Brett Cyrgalis

Brett Cyrgalis

Golf

Integrity gets shanked in golf overlords’ new rule

The governing bodies of the ancient game of golf have decreed there is a traitor among us, and thy name is technology.

From atop their marble pedestals, the United States Golf Association and the Royal & Ancient now have made rules, effective Jan. 1, to guard against the inherent evils of such vehicles of witchcraft as high-definition television and the public accessibility of video.

Their newest defense in the name of righteousness came down Tuesday, when Decision 18/4 was created to make it OK for a player to move his or her ball, as long as that movement was “not discernible to the naked eye,” and especially not “where enhanced technological evidence shows that a ball has left its position and come to rest in another location.”

But, of course, let it be known throughout the land this is not a knee-jerk reaction to the smoke still pouring out of the ears of Tiger Woods. No, no, no. The sacred bodies of governance never would bow down to the world’s best player. How dare one even make the suggestion!

Do remember, though, it was Woods who was left flummoxed in Chicago at the BMW Championship in September, when he removed a stick from some rubble underbrush and a freelance “cameraman” used a portable sorcery device to document the ball moving. Woods, the man who moved the twig and whose eyes were no more than two feet above the ball at the time, merely thought it had “oscillated.” For those less familiar with the Queen’s language, that means only a nudge, and that the originally position was reestablished.

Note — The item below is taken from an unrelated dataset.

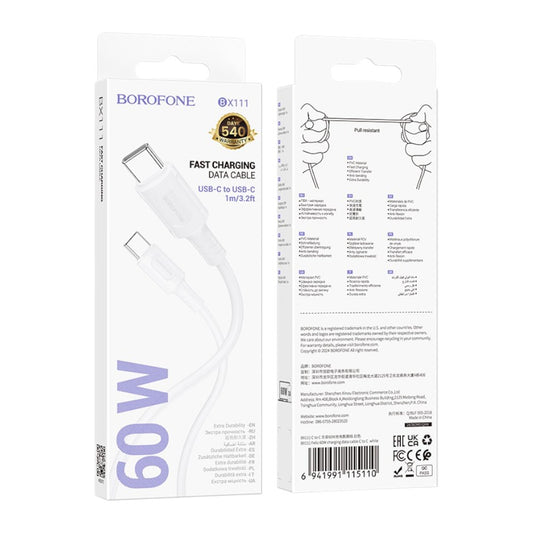 Cable Borofone BX111 USB-C a USB-C 60W Blanco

An oscillation is allowed, movement not, and Woods was so penalized his necessary two strokes.

“Safe to say this rule was already at the printer when that occurred,” Thomas Pagel, the USGA’s senior director of rules, told this humble Post scribe. “When a golf ball moves by such a minor amount that the player could not have noticed it, this is a recognition that [a two-stroke] penalty is too severe.”

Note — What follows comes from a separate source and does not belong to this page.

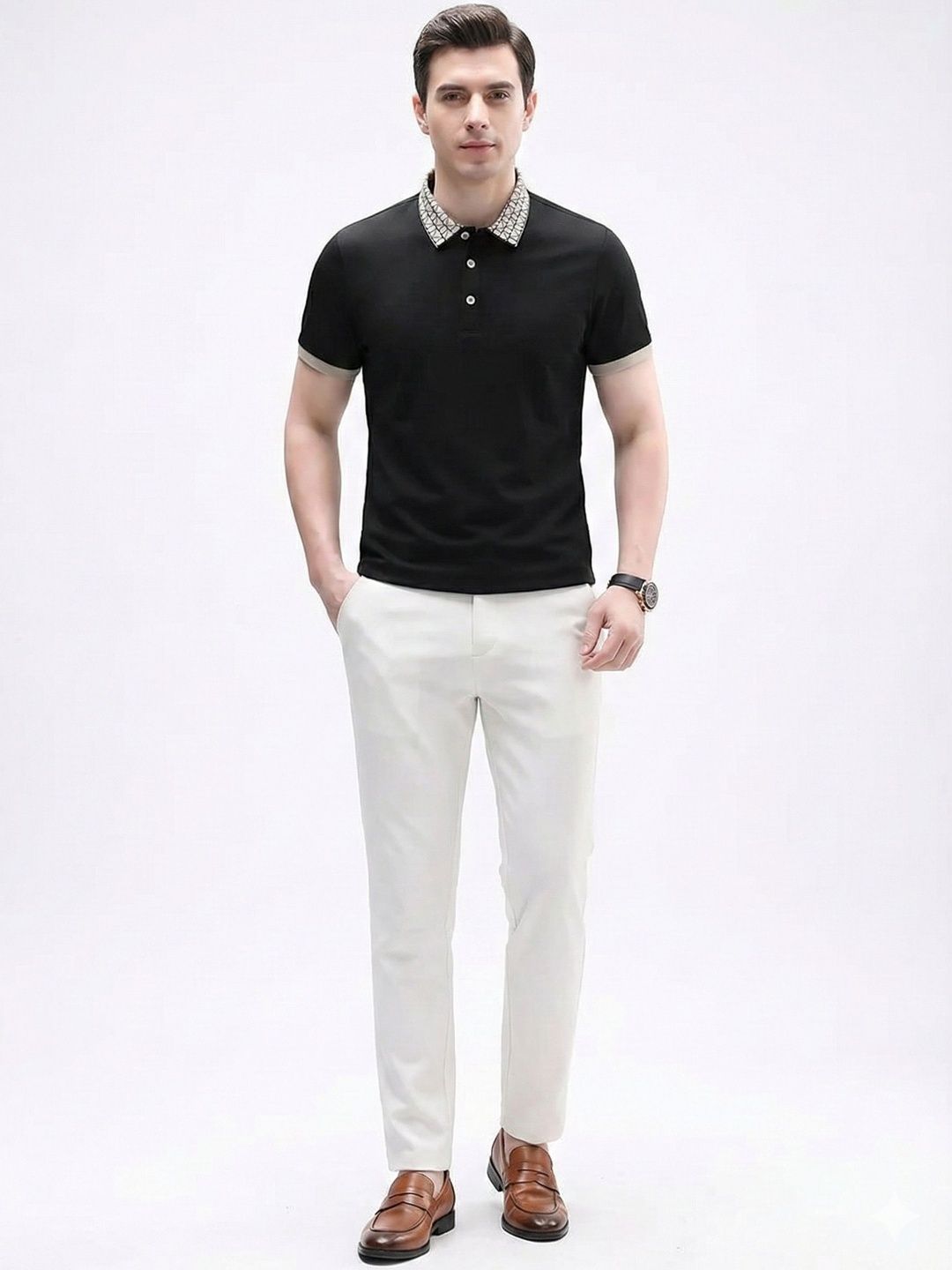 R.Code by The Roadster Life Co. Men Polo Collar T-shirt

And mercy, may sweet mercy be shown on those poor souls like Woods who must be watched and recorded at every turn. How terribly unfair!

As such was the case yet again in April, when it was Woods so enthralled in competition at the Masters he took a woefully incorrect drop after an unfortunate bounce put his ball in the water on the 15th hole, and it was a patron many hundreds of miles away who had to alert the gentlemanly authorities at Augusta National of the malfeasance.

In that instance, there was such a delay in discipline Woods went so far as to sign his name in ink, attesting to his incorrect score, a deviant act that normally would result in disqualification. He admitted to not dropping in the right spot, but goodness, can he be found guilty if his only prosecutor is a voodoo priest in front of a flatscreen crystal ball?

Thank heavens that at the time the USGA and the R&A already had created rule 33-7, which allowed those kind southern aristocrats to make a quick erasure to Woods’ card the next day, change a six to an eight, and — viola! — order was restored.

For too long — centuries, even — it has been a mandate that players govern themselves. The definition of a ball’s “movement” never existed in detail because it always was deemed appropriate to be left to the judgment of the players. Yet how, pray tell, can one both participate and officiate? It is as much a moral dilemma as it is a practical one.

Because to push the rules to their boundaries, and break them when one can, is in the definition of sport, is it not? If no authority present to the infraction can make the ruling, then shall the ruling not be forgotten?

It shall! So please, merciful patriarchs, protect us from ourselves! Protect us from the insolence and indignity of correctness! Protect us from this unholy monster of technology before integrity is yet again in the fabric of our game!